Dr. Google and I probably didn't find anything you don't already know:
Pituitary tumors that secrete corticotropin can cause Cushing disease (
http://emedicine.medscape.com/article/126702-overview):
Corticotropin-secreting adenomas cause Cushing disease characterized by weight gain, primarily in the facial, nuchal, truncal, and girdle areas (ie, centripetal or "buffalo" obesity).
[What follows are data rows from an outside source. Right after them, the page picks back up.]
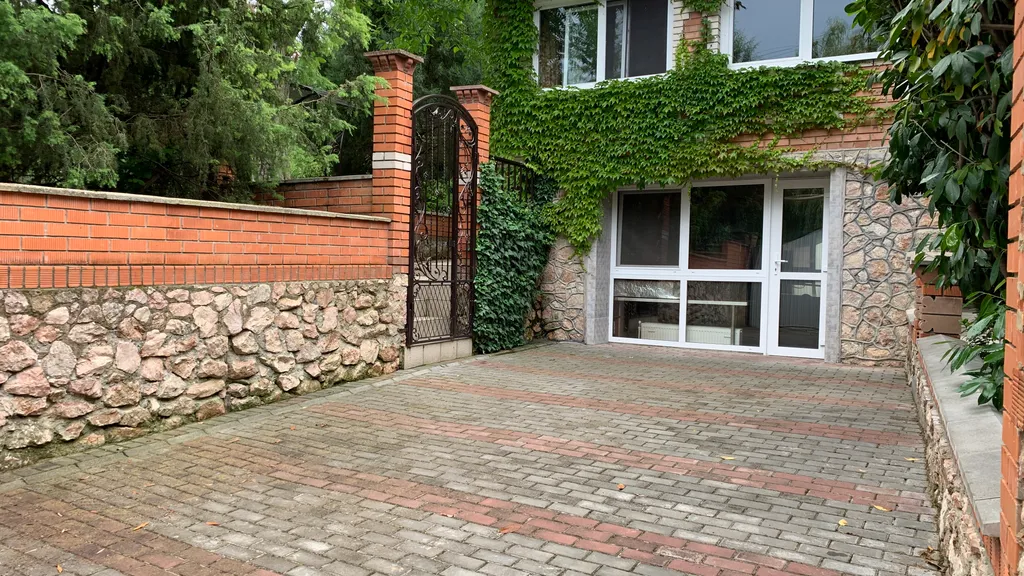 Коттедж Добротный кирпичный дом со своим двором в усадьбе Можжевеловый дворик — Айвовое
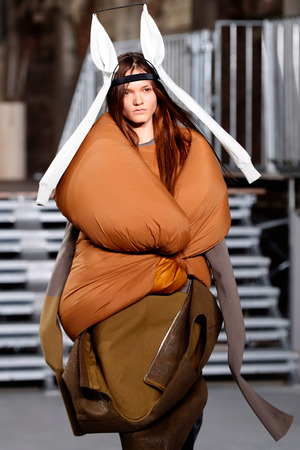 Der Amerikaner Rick Owens präsentierte Kleider aus Daunenschlafsäcken.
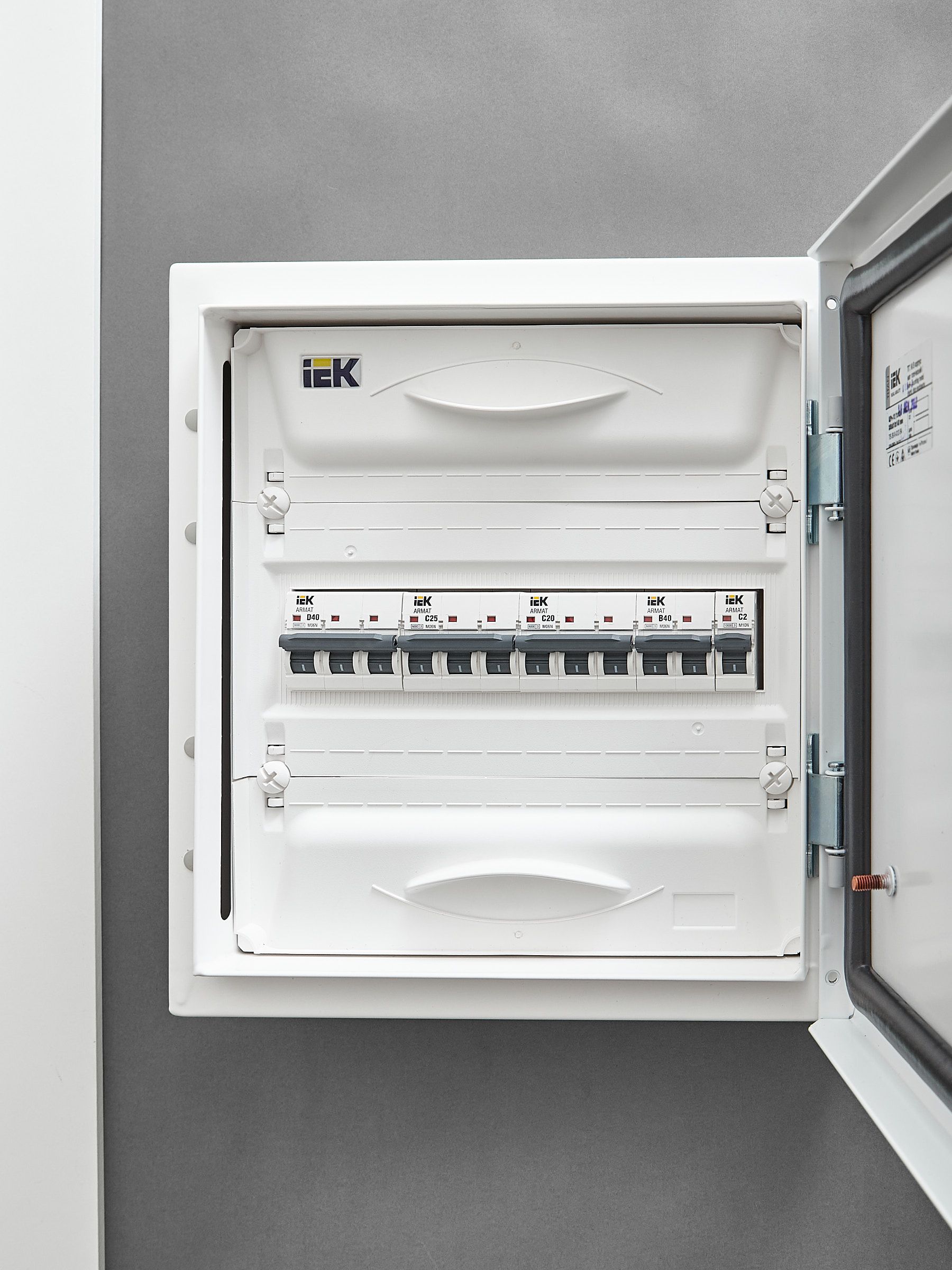 ARMAT Автоматический выключатель M06N 3P C 20А IEK — фото
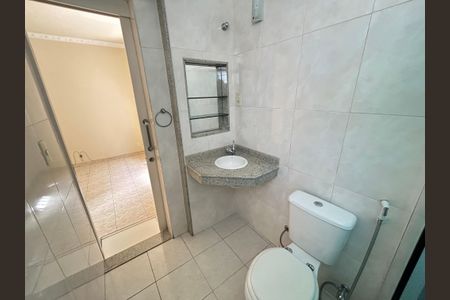 Casa à venda com 100m², 3 quartos e 1 vagaBanheiro da Suíte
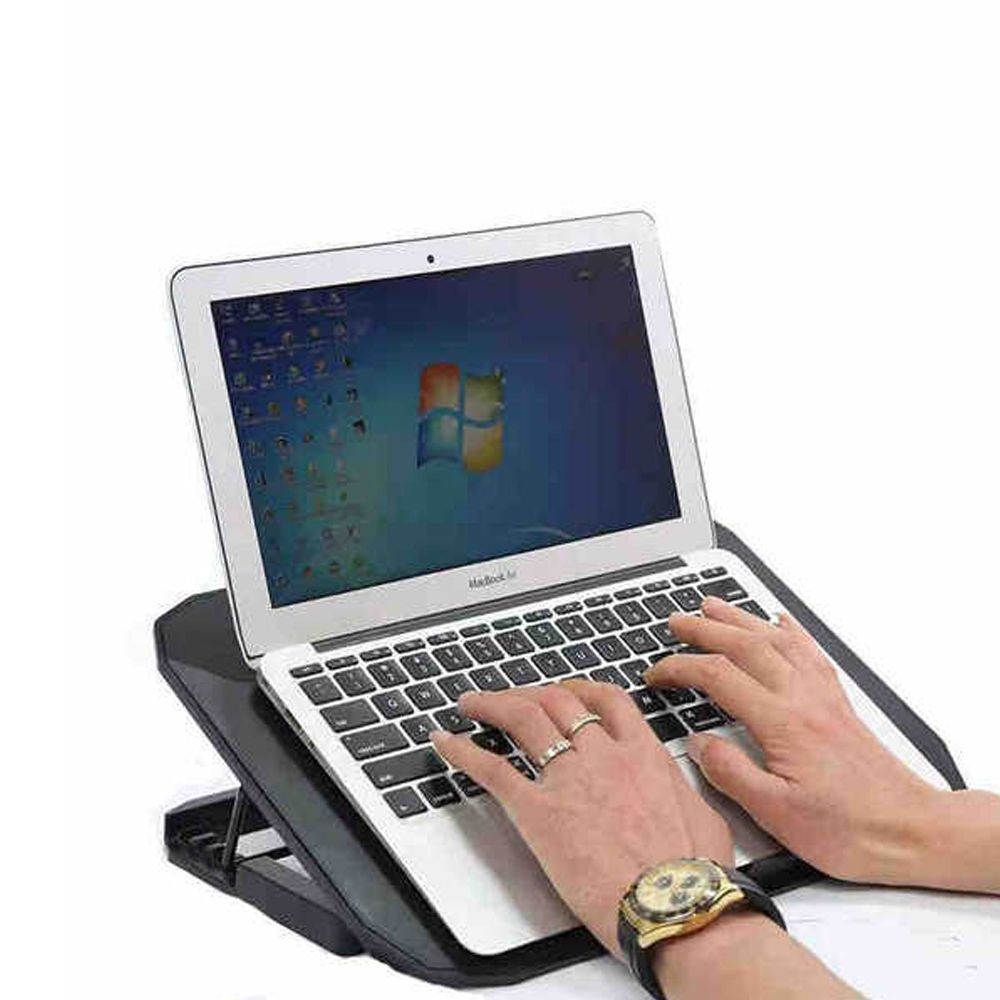 Držač i cooler za laptop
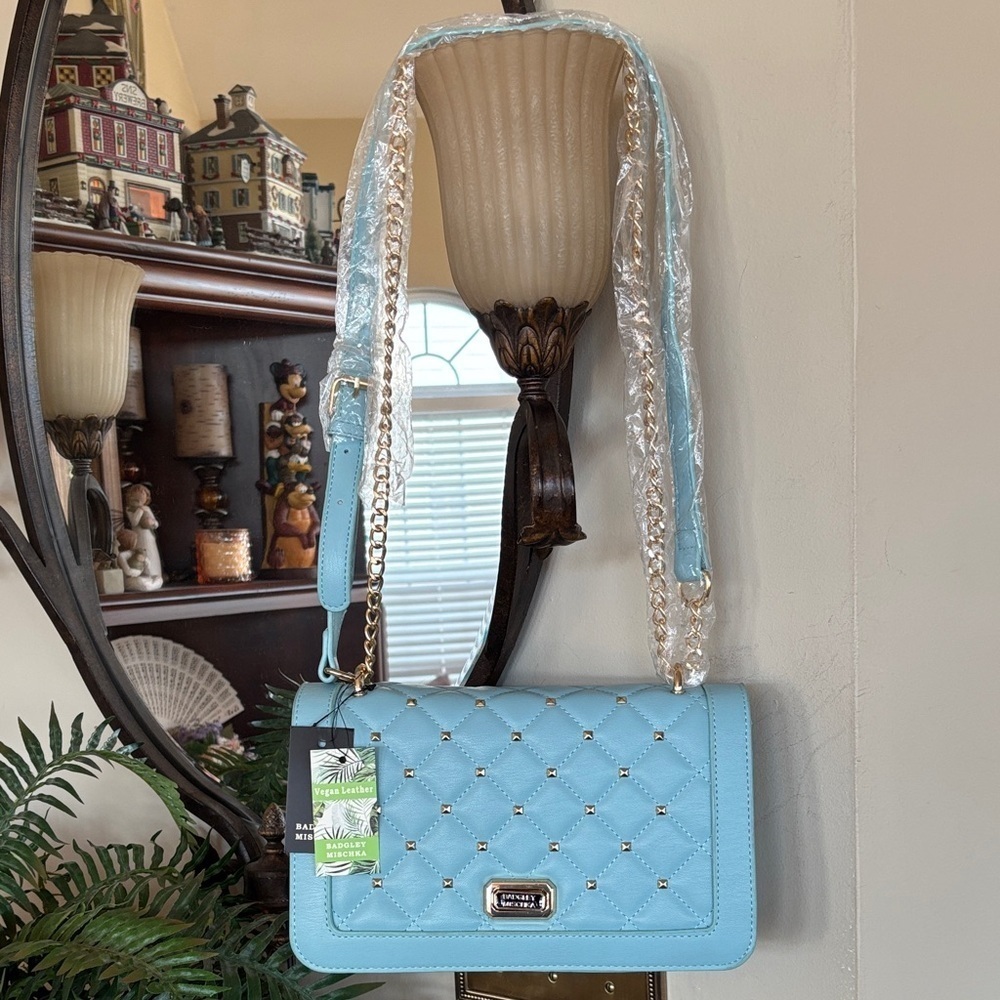 Brand New Badgley Mischka Light Blue w/ Gold Tone Chain Studs Quilt Stitch Purse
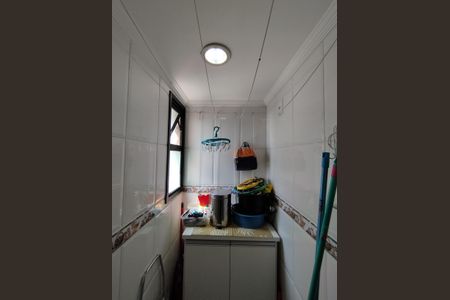 Apartamento à venda com 93m², 3 quartos e 2 vagas Apartamento à venda com 93m², 3 quartos e 2 vagasÁrea de Serviço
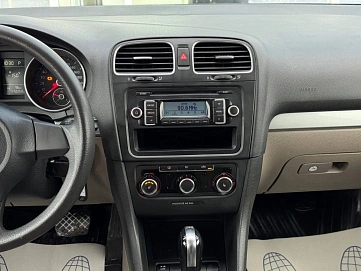 Volkswagen Golf, 2010г, передний привод, робот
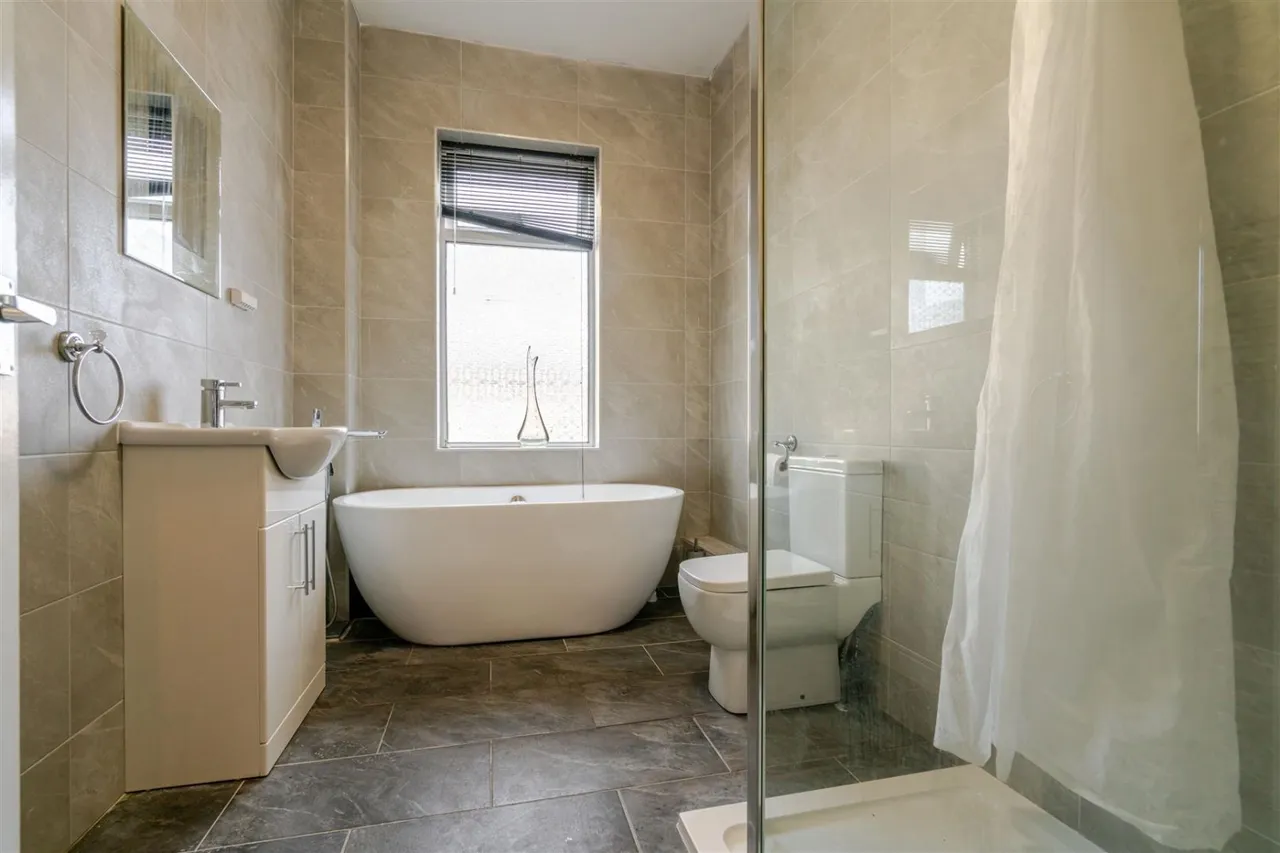 Selwyn Street, Leigh, WN7, photo 14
Protein breakdown leads to thin, friable skin that bruises easily; this breakdown may form wide striae that are often purple. The protein breakdown often causes muscle weakness (proximal muscles more than distal muscles), wasting, and osteopenia with fragility fractures. Women often develop hirsutism. In children, growth is arrested.
***
Cushing syndrome is best treated with surgical resection of the microadenoma, if possible. Medical alternatives, especially after surgical failure, include a new long-acting somatostatin agonist pasireotide, a glucocorticoid receptor antagonist mifepristone, or adrenal steroidogenesis inhibitors such as ketoconazole.
Surgery to remove microtumors in the pituitary are usually done through the nose:
http://pituitary.mgh.harvard.edu/TranssphenoidalSurgery.htm
After addressing and fixing this problem, which I hope will not be a terrible ordeal once they figure out what needs to be done, one must ask why another neuroendocrine tumor in the family - albeit a different type?